_Records for this task_
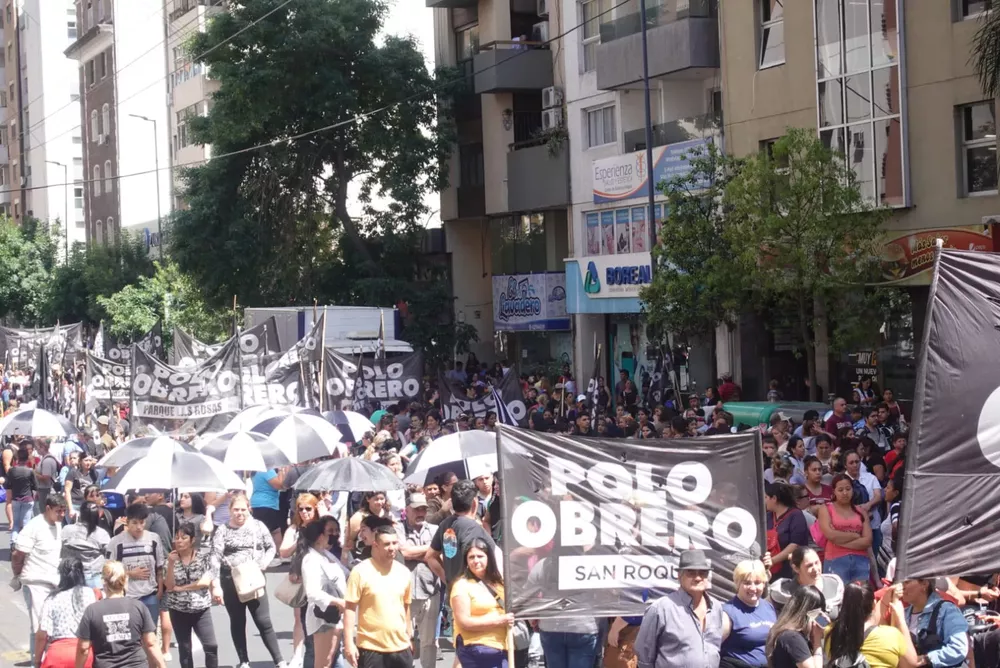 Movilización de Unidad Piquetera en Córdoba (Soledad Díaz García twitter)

--

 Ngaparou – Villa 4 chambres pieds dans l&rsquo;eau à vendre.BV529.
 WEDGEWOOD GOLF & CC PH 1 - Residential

---

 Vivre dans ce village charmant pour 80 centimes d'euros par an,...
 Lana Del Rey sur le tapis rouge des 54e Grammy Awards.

_Problem_
Your reply is to repeat, unchanged, the lines above running from the one with "Vivre dans ce" up to and including the one with "Lana Del Rey".

_Written solution_
 Vivre dans ce village charmant pour 80 centimes d'euros par an,...
 Lana Del Rey sur le tapis rouge des 54e Grammy Awards.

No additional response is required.